ReasonGraph: Visualisation of Reasoning Paths

TL;DR

ReasonGraph tackles the challenge of understanding LLM reasoning by providing a unified, real-time visualization platform. It supports six reasoning methods and 50+ models across major providers, with Mermaid-based diagrams and a modular, API-driven backend. Key contributions include a unified visualization platform, extensible framework, and multi-domain applications, demonstrated with high parsing reliability, fast visualization, and good usability. The tool is open-source, enabling broader accessibility, reproducibility, and development of LLM-based reasoning tooling.

Abstract

Large Language Models (LLMs) reasoning processes are challenging to analyze due to their complexity and the lack of organized visualization tools. We present ReasonGraph, a web-based platform for visualizing and analyzing LLM reasoning processes. It supports both sequential and tree-based reasoning methods while integrating with major LLM providers and over fifty state-of-the-art models. ReasonGraph incorporates an intuitive UI with meta reasoning method selection, configurable visualization parameters, and a modular framework that facilitates efficient extension. Our evaluation shows high parsing reliability, efficient processing, and strong usability across various downstream applications. By providing a unified visualization framework, ReasonGraph reduces cognitive load in analyzing complex reasoning paths, improves error detection in logical processes, and enables more effective development of LLM-based applications. The platform is open-source, promoting accessibility and reproducibility in LLM reasoning analysis.

Paper Structure

This paper contains 8 sections, 4 figures.

Figures (4)

  • Figure 1: The ReasonGraph UI with a query input header and dual-panel layout: the left panel shows Reasoning Settings for configuring model API parameters along with Raw Model Output displaying the unprocessed text response from the LLM. The right panel contains Visualization Settings for adjusting diagram parameters and Visualization Results showing a flowchart illustration of the reasoning process.
  • Figure 2: Comparison between plain text (bottom) and organized tree visualization (top) for the same reasoning process using beam search method.
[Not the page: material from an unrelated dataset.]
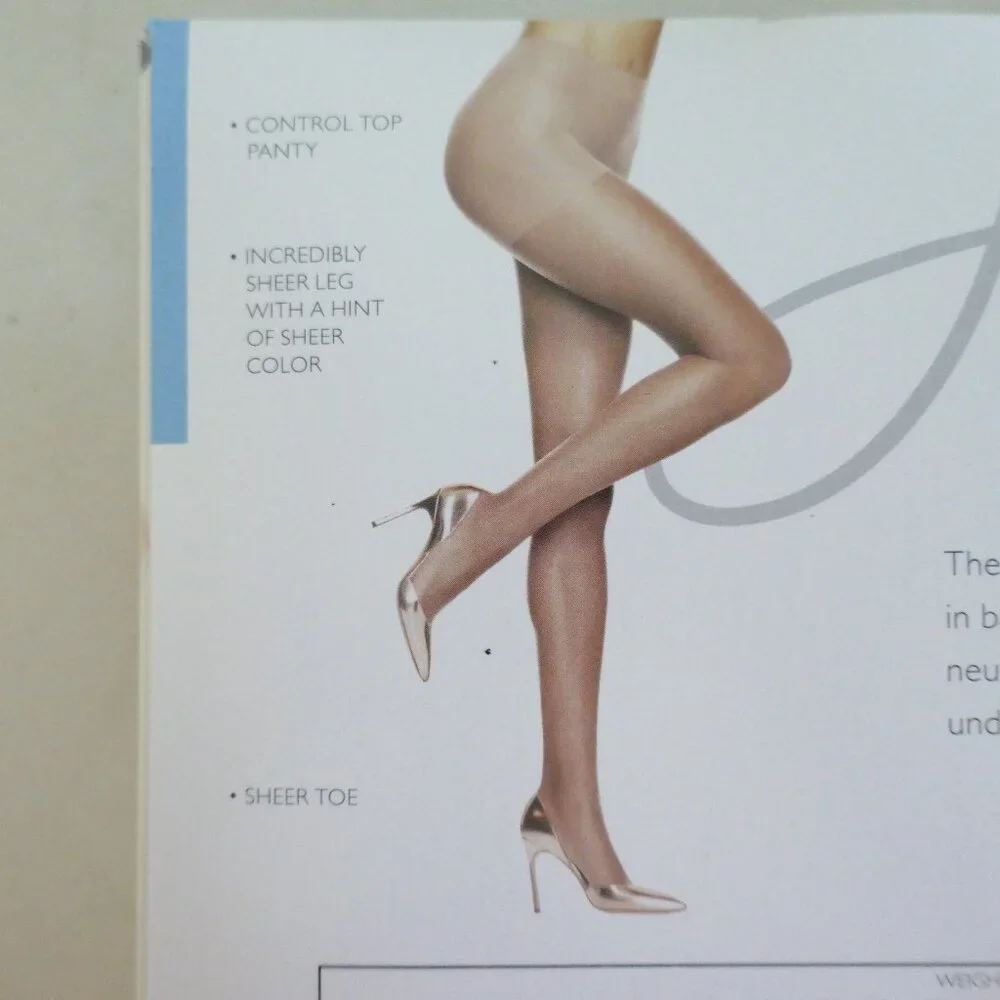 Hanes Absolutely Ultra Sheer pantyhose control top sandalfoot sz C color natural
The blue box is the initial question, the darker blue box highlights the selected reasoning path, and the final solution is shown in a green box.
  • Figure 3: Visualization examples of four sequential reasoning methods: Chain-of-Thoughts (top-left), Self-refine (top-center), Least-to-Most (top-right), and Self-consistency (bottom-left). In Self-refine, yellow boxes indicate reflection and improvement steps; in Least-to-Most, light blue boxes are original and decomposed questions while green boxes show intermediate and final answers.
  • Figure 4: The framework of ReasonGraph, consisting of four main layers: UI Components for user involvement, Client-side for frontend processing, RESTful Routes for API bridge, and a modular backend comprising Configuration Manager, API Factory for LLM integration, and Reasoning Methods implementation.